These pictures will help me when I go back and reinstall everything.  The last picture above is the emegency brake assembly.  That cotter pin you can just see the spread pin is the one I had to dremel.  Little bastard!


----------



## Snowcat Operations

Last three pictures for tonight.


----------



## Snowcat Operations

I have a pretty big to do list for Friday.  Time flies when your having fun.  I love these LONG days of sunshine!  Sunday I need to do a deatil cleaning of my shops.  Dont know how much work I will get done then.  See you all in the morning.


----------



## NorthernRedneck

I'm really looking forward to following this rebuild very closely.  You're doing an awesome job so far.


----------



## Snowcat Operations

WOW.  Thanks GroomerguyNWO.  We will see how Great I do once I start painting!  This will be my first paint job ever.  I am buying all the best equipment and products.  The owner of the companyI am buying my products from says this is the easiest way to paint.  I am doing base coat clear coat.  I am also spraying my own bed liner as well.  Either way I will have fun.  BigAl was kind enough to offer his place and skills and paint my Snow Master.  The man trully has a big heart.  BUT he has alot on his plate and I figured I would try and lesson that burden and "JUST DO IT" myself.  Hell right now he is building an entire barn for the Forums first Snowcat get together sometime in 2008 (Jan?)  Anyway I need to learn how to do this part.  One thing about paint.  It doesnt matter how great a rebuild is or how reliable it is ect ect.  If the paint looks like crap thats what everyone will think of the project.  So I better learn pretty damn fast!  Thanks for the pep talk.


----------



## Snowcat Operations

Removed the panels today and the door skin.  Took them to my local fab shop.  Took the bumper too but they cant bend the thickness I want.  Need to go to a bigger City for that I guess.  When I get those back I will install them and remove a couple more and have them done.  The upper and lower cab are loosey goosy with out the supports in.  Time to clean shop.  Be back later.


----------



## NorthernRedneck

If you need some help with the paint, I'm sure my 3 year old would love to help you out!  Just give him a brush and a can of paint..........


----------



## Snowcat Operations

Team him up with my 3 year old and this thing just might get painted!


----------



## NorthernRedneck

There's an idea!  We could all just sit back and    

You'd end up with the most original looking paint job out there


----------



## 79bombi

Snowcat Operations said:


> Team him up with my 3 year old and this thing just might get painted!

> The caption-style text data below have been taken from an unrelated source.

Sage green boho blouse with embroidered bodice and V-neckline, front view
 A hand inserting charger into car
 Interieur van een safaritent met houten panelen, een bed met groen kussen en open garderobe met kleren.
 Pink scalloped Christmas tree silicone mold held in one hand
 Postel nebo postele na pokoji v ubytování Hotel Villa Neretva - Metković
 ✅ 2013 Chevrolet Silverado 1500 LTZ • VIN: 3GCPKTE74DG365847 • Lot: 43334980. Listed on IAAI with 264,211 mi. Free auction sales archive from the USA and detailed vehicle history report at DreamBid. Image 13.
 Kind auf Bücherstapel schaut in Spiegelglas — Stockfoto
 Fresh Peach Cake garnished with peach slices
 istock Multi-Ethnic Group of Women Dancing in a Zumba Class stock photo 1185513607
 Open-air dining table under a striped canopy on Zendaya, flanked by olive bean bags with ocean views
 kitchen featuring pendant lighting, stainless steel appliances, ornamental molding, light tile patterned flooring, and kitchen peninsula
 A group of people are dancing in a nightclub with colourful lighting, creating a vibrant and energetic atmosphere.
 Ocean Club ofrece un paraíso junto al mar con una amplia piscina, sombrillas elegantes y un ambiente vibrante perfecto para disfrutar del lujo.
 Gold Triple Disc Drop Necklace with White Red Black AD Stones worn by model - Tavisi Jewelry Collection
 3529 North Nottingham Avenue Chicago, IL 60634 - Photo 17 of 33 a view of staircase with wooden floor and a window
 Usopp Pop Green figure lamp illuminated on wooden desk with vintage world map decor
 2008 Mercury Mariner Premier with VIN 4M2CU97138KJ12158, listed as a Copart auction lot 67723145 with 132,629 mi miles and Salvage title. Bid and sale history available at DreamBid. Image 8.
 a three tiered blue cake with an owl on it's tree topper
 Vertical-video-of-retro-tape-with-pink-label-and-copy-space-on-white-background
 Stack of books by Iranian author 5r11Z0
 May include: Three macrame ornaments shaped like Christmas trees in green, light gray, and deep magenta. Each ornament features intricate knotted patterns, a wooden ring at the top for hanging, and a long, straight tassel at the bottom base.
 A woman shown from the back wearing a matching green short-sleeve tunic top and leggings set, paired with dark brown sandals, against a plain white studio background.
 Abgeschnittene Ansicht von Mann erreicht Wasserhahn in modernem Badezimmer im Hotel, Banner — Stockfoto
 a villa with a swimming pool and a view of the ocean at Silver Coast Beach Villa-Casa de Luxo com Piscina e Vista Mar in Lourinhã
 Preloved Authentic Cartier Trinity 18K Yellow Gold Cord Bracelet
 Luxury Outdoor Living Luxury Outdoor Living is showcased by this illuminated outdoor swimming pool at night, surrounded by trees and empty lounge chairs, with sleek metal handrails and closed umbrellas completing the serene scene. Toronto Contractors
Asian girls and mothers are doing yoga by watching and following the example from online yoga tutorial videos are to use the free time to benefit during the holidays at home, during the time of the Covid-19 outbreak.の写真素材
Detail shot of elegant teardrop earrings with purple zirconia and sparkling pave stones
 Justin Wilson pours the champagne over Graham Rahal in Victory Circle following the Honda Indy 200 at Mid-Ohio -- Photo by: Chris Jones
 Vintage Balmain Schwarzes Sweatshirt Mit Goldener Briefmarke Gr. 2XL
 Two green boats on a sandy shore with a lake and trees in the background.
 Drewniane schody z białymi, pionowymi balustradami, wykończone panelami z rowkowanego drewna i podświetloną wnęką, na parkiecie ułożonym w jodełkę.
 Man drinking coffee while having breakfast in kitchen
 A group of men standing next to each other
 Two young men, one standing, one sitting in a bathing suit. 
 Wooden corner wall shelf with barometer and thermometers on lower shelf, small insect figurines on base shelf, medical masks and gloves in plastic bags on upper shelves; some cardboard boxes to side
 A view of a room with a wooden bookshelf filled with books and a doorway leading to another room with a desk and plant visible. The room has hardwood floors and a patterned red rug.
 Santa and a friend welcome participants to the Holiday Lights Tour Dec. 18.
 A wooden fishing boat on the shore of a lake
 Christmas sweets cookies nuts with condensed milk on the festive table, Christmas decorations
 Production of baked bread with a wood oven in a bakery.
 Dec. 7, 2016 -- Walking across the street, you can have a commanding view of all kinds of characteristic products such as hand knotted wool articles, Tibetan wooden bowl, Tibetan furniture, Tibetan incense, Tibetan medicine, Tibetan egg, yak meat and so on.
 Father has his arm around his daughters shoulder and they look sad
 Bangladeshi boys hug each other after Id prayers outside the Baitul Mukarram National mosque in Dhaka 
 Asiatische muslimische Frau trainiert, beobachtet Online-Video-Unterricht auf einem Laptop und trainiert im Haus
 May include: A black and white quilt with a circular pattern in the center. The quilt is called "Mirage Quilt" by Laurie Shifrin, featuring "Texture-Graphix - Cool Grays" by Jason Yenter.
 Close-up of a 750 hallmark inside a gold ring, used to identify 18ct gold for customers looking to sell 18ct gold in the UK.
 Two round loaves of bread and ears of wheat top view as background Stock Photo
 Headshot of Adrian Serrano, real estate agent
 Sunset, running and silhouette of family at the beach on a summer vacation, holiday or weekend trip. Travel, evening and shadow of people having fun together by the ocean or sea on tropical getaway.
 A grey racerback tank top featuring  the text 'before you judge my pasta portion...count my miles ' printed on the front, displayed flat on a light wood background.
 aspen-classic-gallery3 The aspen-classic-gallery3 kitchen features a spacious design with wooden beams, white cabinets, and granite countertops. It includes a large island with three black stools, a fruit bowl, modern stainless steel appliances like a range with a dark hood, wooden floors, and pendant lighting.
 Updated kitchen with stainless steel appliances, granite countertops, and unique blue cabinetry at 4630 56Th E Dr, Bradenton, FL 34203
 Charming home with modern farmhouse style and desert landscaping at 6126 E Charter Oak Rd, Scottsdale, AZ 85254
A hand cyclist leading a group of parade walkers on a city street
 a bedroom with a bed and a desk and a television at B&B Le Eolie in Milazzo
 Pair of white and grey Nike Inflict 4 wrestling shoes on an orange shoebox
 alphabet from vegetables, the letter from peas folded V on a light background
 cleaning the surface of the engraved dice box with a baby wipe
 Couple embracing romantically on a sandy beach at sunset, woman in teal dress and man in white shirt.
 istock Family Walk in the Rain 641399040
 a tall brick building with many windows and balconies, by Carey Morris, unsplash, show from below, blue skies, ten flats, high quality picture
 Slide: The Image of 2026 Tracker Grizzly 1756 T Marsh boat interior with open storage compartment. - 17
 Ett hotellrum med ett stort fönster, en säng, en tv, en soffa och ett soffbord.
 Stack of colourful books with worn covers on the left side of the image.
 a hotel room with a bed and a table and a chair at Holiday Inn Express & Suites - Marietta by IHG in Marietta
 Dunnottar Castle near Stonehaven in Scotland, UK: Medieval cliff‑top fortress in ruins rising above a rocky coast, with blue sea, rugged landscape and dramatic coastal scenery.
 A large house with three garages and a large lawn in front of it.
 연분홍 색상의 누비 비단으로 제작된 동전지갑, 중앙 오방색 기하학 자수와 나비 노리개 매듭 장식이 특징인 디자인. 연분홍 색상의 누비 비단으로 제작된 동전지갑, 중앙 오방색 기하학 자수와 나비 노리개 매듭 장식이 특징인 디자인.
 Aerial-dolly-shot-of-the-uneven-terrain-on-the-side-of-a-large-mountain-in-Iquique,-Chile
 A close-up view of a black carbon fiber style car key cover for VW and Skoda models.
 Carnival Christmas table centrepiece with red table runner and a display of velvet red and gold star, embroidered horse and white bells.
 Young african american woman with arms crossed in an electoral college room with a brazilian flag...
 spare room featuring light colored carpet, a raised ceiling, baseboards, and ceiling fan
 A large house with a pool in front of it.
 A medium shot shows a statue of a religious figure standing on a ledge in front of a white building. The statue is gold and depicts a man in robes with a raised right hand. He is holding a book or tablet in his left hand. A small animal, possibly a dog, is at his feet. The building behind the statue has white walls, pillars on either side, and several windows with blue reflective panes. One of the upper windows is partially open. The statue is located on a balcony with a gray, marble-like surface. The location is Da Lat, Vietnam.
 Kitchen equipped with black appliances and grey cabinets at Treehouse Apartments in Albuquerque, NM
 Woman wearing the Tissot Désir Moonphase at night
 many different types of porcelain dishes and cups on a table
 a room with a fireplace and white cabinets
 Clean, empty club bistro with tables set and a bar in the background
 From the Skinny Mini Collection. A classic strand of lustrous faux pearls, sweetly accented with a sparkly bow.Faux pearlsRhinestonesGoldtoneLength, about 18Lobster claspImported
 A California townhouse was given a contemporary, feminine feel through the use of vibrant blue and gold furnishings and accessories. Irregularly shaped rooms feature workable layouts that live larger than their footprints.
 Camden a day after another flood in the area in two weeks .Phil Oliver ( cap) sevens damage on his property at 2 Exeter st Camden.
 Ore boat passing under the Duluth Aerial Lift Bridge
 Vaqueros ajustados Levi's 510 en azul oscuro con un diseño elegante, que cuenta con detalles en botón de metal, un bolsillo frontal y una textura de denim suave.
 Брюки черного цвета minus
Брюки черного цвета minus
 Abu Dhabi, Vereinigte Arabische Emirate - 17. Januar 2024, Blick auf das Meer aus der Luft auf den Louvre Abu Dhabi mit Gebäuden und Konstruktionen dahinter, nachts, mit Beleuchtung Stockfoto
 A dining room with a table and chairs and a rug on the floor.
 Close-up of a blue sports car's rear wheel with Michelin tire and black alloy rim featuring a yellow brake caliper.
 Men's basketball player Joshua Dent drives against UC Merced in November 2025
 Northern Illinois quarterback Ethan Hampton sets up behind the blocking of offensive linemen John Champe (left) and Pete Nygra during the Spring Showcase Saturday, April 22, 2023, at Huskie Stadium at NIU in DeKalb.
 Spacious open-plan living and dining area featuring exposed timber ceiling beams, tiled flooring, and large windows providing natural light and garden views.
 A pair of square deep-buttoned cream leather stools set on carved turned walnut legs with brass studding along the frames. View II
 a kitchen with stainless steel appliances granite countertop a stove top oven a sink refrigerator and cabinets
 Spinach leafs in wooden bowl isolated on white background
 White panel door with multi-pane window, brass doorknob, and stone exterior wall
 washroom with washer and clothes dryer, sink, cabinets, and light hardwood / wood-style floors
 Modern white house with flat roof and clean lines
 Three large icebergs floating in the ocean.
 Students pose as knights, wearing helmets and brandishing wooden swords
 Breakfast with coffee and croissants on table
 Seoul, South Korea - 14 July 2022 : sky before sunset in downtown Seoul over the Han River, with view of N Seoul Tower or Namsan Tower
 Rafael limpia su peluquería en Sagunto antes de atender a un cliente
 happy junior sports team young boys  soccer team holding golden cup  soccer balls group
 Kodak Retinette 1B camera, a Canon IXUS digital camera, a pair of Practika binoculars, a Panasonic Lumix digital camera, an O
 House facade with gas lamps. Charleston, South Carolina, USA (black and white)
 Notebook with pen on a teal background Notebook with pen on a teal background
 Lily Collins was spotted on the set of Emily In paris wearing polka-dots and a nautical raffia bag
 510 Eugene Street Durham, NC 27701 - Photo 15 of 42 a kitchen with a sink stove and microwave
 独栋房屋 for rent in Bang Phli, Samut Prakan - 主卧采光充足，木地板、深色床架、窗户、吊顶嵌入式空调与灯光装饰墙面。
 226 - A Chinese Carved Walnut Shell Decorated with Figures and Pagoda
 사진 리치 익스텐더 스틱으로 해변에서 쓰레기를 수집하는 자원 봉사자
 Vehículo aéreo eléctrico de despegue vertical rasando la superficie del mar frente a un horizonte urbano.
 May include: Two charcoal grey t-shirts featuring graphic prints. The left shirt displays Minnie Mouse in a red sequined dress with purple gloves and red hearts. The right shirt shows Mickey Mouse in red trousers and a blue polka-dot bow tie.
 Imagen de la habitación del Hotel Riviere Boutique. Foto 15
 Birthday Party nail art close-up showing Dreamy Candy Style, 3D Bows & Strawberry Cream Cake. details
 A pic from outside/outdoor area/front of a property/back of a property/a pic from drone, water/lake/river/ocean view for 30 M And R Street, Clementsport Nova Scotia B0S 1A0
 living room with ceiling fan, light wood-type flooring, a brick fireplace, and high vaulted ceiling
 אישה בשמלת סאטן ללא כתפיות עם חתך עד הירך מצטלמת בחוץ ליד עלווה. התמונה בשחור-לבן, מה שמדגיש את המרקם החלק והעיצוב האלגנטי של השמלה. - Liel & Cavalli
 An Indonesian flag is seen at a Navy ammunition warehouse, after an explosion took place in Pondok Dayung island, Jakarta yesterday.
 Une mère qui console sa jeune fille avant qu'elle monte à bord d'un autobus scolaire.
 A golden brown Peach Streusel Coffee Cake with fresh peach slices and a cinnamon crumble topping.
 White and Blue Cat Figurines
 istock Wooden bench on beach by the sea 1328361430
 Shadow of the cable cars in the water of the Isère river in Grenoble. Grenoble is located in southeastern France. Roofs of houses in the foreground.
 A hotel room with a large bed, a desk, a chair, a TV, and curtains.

With the leadership of my 5 year old they could pinstripe most of your carpeting, walls, furniture, and spacecraft hellbent on the moon thru the living room ceilings.  Let me know!  My 5 year old has plenty of markers ready to work!! 

79Bombi


----------



## Snowcat Operations

Thanks for all the posts.  I recieved all the paint supplies and bed liner stuff today.  I am still waiting for my bad ass paint gun.  Dont know how to use it but its supposed to be one of the best.  At least I have the help of the owner of SPI Southern Polyurethane Industries.  He gave me his cell phone number and said he would help at every stage!  Pretty damn good customer service!  (he does this for anyone who needs help)  I will get everything unboxed here in the next day or so and take pictures.


----------



## BigAl RIP

Hi Mike, When you install that new subaru engine ,use a modine #935 radiator .Get it at Napa . They are cheap and come  with a lifetime warranty. It should work fine . It is very small and made for subaru engines .If you need more cooling they also make a heavy duty 3 roll . I AM NOT SURE OF THE NUMBER .If you have a wreaking yard close by get the electric cooling fans that are made for this model . It will look factory !!!!


----------



## Snowcat Operations

Thats funny because my brother said the exact same thing.  Except to by just a new Sub radiator instead of the modine but to get the fans ect from a junk yard.. you know exactly which one!


----------



## gordon robertson

*Re: In need of rear deck snow guards*

so villi , how was your winter ,,, we finally got our snow trac out after restoration ... hope all is well    gordon robertson


----------



## Snowcat Operations

CRITICAL SUBARU ENGINE SWAP INFORMATION




FOR ALL YOU WHO ARE PLANNING A SUBARU ENGINE SWAP INTO YOUR SNOW TRAC HERE IS SOME VERY IMPORTANT INFORMATION.​
The EA82 series is a great motor but is 36 inches wide.  That gives us 1/2" clearance and each side of the engine compartment where the heads are.  PLUS the spark plugs are on the end of the heads so the wires wont clear.  The EJ22 Engines are 32" wide at the heads and the spark plugs are on top just behind the heads at an angle.  Alot like VW plugs.  This is also the most produced Subaru engine in this class and the most reliable.  Even if you break the timing belt the Valves dont get bent!   It also has the most spare parts available and is a great motor series.  The Ones we want are:

EJ22 OHC:  2.2L OHC Legacy (90-94) 135 HP @ 5600 RPM 137 ft lb @4400 rpm

EJ22 OHCT  2.2L OHCT Turbocharged Legcy (91-94) 160 HP 5600 rpm 181 ft lb @2800 rpm.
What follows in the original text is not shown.